* [EXERCISE]: Print the lines below from the line with "Alimento Pro Plan Gato Urinary x 15+3 Kilos" to the line with "Duvoplus - Hondenpoepzakje" exactly, keeping both ends, and print no pictures.

*** Opening of DATA FOR THE TASK ***

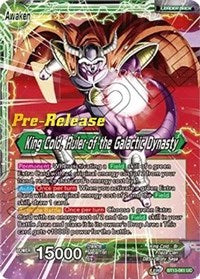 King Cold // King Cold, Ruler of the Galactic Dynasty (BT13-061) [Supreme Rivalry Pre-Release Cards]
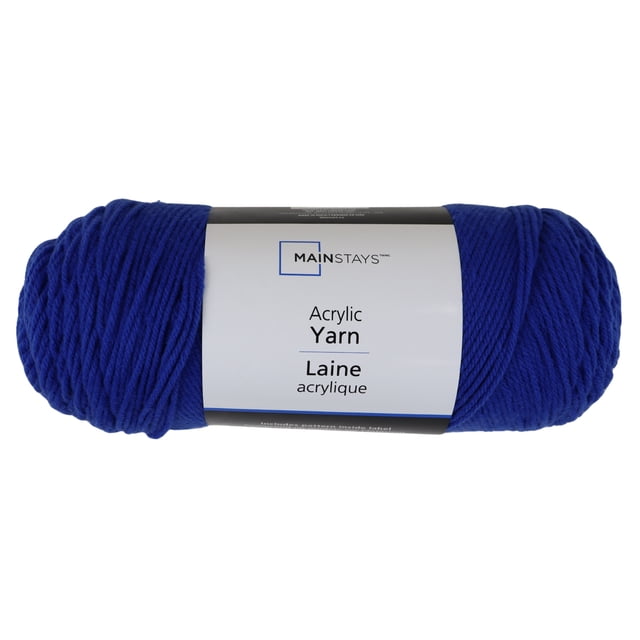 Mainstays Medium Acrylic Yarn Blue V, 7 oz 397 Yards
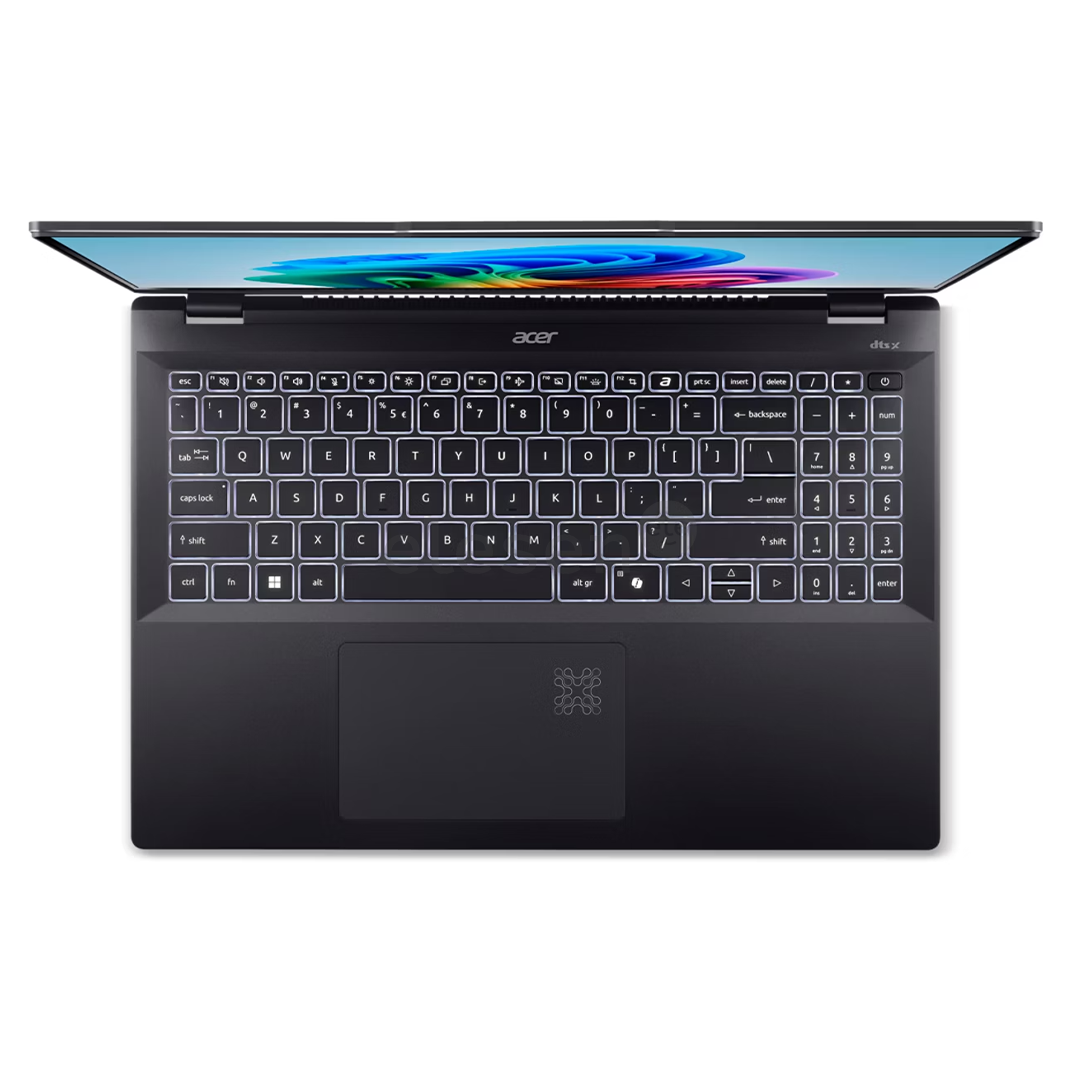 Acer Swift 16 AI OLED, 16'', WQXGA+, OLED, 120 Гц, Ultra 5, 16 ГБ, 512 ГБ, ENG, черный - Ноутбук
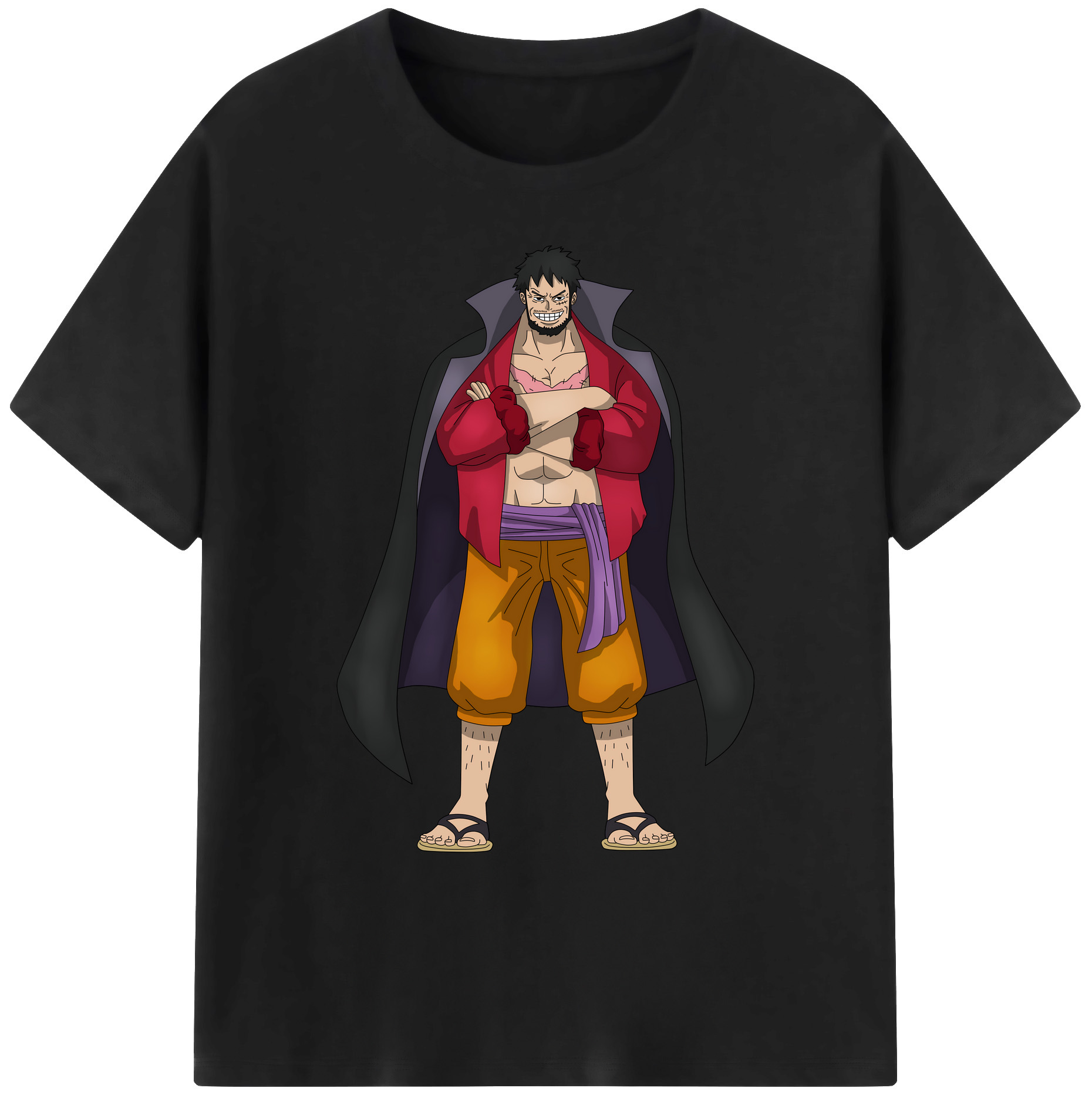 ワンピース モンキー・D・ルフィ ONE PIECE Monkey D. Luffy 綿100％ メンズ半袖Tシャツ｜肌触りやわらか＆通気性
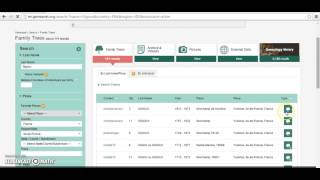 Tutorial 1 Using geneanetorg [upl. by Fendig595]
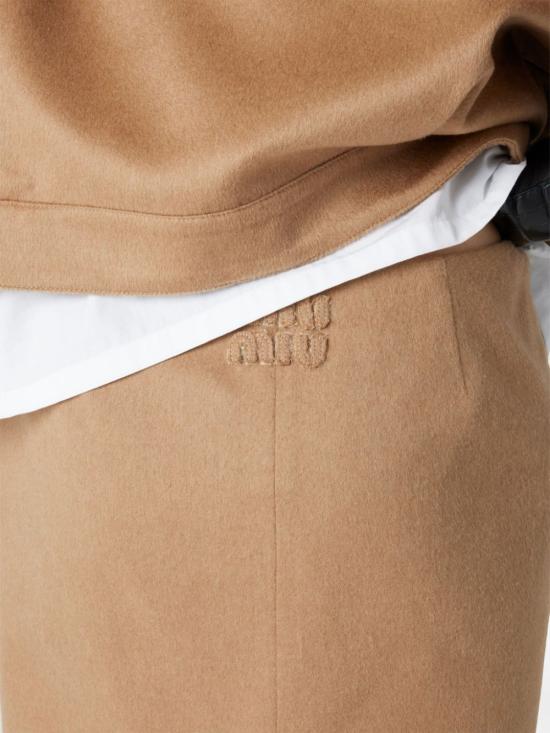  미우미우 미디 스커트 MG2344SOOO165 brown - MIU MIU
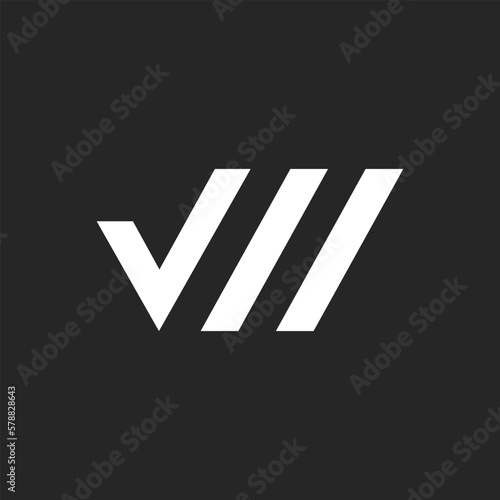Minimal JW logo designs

*** Close of DATA FOR THE TASK ***
*** Opening of DATA FOR THE TASK ***

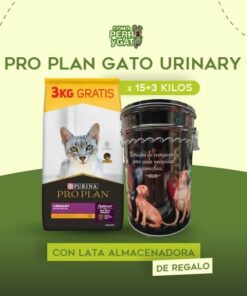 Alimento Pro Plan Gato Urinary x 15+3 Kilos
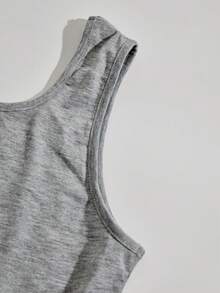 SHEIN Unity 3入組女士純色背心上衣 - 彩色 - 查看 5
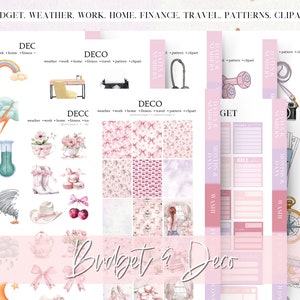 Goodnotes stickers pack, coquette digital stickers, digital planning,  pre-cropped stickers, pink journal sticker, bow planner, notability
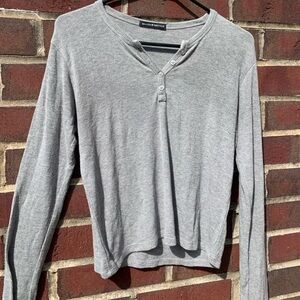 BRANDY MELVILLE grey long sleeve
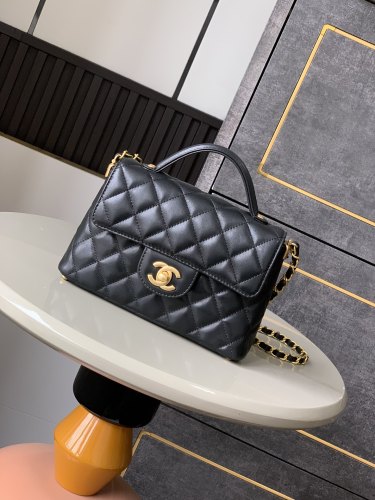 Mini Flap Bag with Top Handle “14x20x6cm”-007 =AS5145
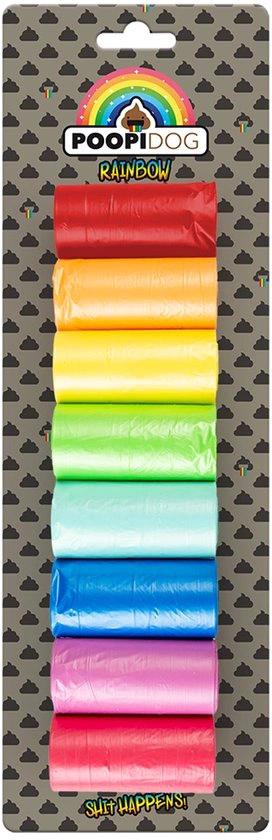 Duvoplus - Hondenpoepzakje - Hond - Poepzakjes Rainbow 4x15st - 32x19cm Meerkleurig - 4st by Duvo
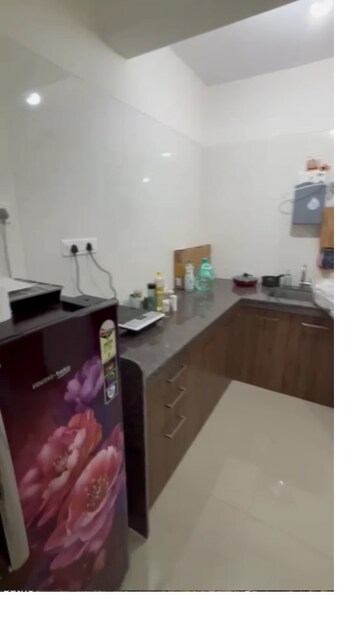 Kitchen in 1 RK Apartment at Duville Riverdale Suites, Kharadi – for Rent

*** Close of DATA FOR THE TASK ***
*** Opening of DATA FOR THE TASK ***

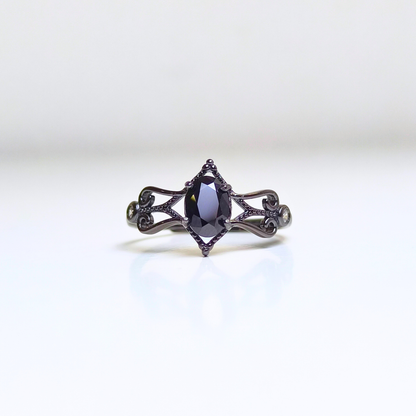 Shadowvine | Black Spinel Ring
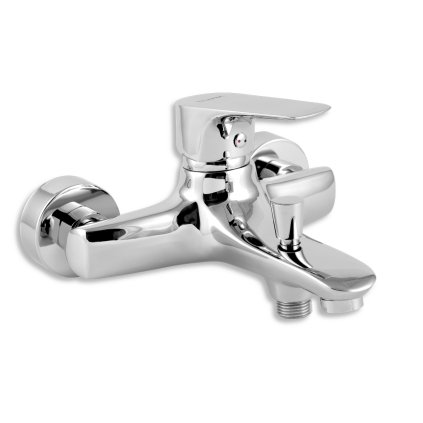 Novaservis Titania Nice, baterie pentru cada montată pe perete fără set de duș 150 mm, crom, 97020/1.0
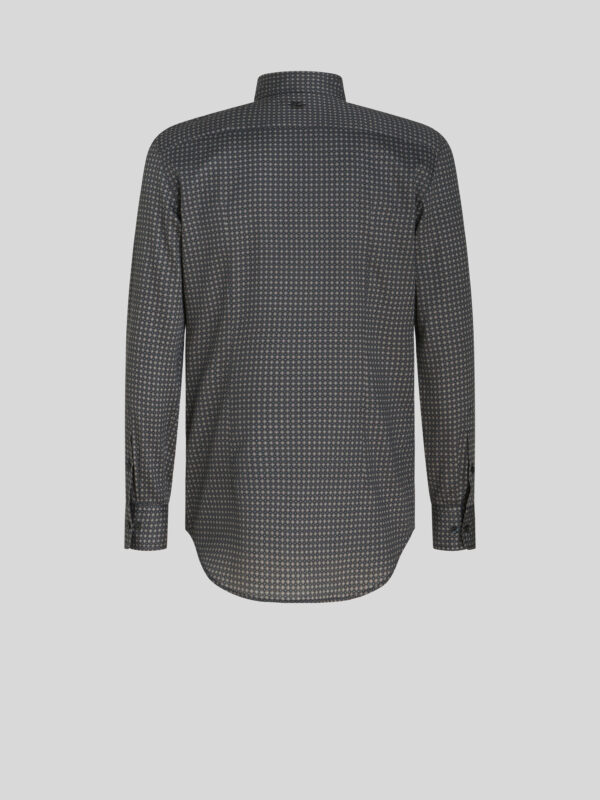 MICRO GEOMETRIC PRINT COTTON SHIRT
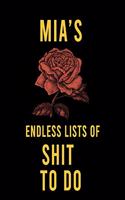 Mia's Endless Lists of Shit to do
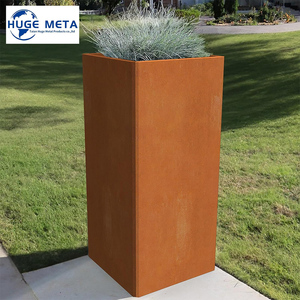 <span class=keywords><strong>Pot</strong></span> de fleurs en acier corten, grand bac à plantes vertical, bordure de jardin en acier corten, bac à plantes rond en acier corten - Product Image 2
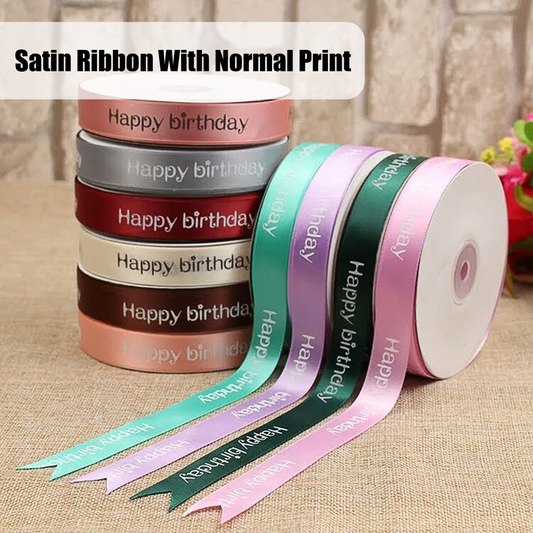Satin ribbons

*** Close of DATA FOR THE TASK ***

* [TASK SOLUTION]:
 Alimento Pro Plan Gato Urinary x 15+3 Kilos
 SHEIN Unity 3入組女士純色背心上衣 - 彩色 - 查看 5
 Goodnotes stickers pack, coquette digital stickers, digital planning,  pre-cropped stickers, pink journal sticker, bow planner, notability
 BRANDY MELVILLE grey long sleeve
 Mini Flap Bag with Top Handle “14x20x6cm”-007 =AS5145
 Duvoplus - Hondenpoepzakje - Hond - Poepzakjes Rainbow 4x15st - 32x19cm Meerkleurig - 4st by Duvo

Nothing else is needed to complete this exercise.